START Source information

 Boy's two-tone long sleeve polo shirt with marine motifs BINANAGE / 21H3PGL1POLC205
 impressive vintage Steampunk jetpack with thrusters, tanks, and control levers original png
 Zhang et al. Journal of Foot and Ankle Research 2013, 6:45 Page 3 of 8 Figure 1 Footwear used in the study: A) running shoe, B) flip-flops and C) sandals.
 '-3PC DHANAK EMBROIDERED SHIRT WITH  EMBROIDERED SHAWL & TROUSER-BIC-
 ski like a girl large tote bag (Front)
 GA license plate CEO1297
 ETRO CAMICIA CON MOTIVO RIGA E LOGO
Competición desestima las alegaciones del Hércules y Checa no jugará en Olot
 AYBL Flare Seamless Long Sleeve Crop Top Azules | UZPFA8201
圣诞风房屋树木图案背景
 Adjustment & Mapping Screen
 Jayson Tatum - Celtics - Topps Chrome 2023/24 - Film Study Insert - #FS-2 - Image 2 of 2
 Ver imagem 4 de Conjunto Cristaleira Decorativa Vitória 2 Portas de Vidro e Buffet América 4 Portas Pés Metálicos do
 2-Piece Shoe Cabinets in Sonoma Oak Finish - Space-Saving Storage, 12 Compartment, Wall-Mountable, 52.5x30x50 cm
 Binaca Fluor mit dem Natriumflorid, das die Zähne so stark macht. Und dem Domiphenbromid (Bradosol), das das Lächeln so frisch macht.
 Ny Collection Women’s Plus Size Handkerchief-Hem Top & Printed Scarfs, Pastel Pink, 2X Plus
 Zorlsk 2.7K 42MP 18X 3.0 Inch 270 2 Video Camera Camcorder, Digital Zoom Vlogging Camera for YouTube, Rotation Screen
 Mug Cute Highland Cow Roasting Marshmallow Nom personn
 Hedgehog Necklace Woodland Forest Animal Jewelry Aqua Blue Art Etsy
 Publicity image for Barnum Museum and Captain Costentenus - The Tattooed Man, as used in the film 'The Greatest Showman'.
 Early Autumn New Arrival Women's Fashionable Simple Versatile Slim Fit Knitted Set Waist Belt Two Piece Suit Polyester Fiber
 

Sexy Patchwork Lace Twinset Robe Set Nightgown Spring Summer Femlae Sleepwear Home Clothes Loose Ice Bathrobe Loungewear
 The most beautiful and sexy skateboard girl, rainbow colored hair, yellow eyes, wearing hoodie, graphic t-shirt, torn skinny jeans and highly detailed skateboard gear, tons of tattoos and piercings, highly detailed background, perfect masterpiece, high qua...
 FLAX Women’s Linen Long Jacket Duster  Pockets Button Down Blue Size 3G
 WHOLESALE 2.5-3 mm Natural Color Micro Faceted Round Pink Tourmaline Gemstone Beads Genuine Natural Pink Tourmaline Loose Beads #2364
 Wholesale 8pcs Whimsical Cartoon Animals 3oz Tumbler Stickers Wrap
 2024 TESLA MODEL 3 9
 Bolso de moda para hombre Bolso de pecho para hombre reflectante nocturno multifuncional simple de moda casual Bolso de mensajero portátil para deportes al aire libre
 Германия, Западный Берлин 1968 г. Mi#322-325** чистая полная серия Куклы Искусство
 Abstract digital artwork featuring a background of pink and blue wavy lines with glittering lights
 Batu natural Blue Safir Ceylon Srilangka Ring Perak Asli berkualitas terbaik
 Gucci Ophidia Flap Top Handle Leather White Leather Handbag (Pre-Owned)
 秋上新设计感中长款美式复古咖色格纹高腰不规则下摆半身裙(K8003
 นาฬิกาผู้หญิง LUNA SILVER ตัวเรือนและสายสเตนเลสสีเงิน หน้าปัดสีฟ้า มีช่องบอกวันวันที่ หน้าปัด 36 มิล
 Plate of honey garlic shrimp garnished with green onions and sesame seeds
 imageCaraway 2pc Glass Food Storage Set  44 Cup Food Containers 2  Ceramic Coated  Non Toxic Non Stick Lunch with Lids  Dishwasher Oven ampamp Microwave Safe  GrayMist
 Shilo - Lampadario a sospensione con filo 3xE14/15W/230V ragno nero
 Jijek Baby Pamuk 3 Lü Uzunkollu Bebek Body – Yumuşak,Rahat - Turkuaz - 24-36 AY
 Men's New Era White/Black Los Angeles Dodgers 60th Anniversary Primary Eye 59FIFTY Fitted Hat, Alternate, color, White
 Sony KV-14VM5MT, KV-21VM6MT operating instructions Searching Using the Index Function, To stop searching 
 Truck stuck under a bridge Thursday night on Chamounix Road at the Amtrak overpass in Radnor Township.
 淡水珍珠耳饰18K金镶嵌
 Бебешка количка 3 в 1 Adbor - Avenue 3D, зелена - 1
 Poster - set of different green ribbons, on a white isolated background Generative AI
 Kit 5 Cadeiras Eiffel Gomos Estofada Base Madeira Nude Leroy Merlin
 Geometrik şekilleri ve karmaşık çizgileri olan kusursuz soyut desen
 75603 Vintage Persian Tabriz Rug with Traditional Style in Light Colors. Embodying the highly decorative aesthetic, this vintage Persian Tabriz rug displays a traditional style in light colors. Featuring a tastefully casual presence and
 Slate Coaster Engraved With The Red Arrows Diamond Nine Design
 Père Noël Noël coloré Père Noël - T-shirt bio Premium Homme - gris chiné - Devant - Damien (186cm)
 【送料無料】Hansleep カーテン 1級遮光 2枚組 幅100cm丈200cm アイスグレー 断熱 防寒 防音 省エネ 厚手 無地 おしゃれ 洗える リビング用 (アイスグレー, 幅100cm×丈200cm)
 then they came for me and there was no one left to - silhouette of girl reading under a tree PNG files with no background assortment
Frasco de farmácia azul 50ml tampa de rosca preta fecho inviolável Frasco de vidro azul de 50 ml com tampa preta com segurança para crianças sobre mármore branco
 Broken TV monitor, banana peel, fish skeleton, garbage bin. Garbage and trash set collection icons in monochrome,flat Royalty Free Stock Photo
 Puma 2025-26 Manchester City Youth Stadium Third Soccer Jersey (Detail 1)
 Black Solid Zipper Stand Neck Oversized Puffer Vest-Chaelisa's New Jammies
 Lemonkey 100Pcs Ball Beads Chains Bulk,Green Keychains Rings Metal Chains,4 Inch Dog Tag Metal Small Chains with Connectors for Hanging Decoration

END Source information

- Task prompt -
Where does "Beads" appear in the records above? Copy each line that holds it.

- Task solution -
 WHOLESALE 2.5-3 mm Natural Color Micro Faceted Round Pink Tourmaline Gemstone Beads Genuine Natural Pink Tourmaline Loose Beads #2364
 Lemonkey 100Pcs Ball Beads Chains Bulk,Green Keychains Rings Metal Chains,4 Inch Dog Tag Metal Small Chains with Connectors for Hanging Decoration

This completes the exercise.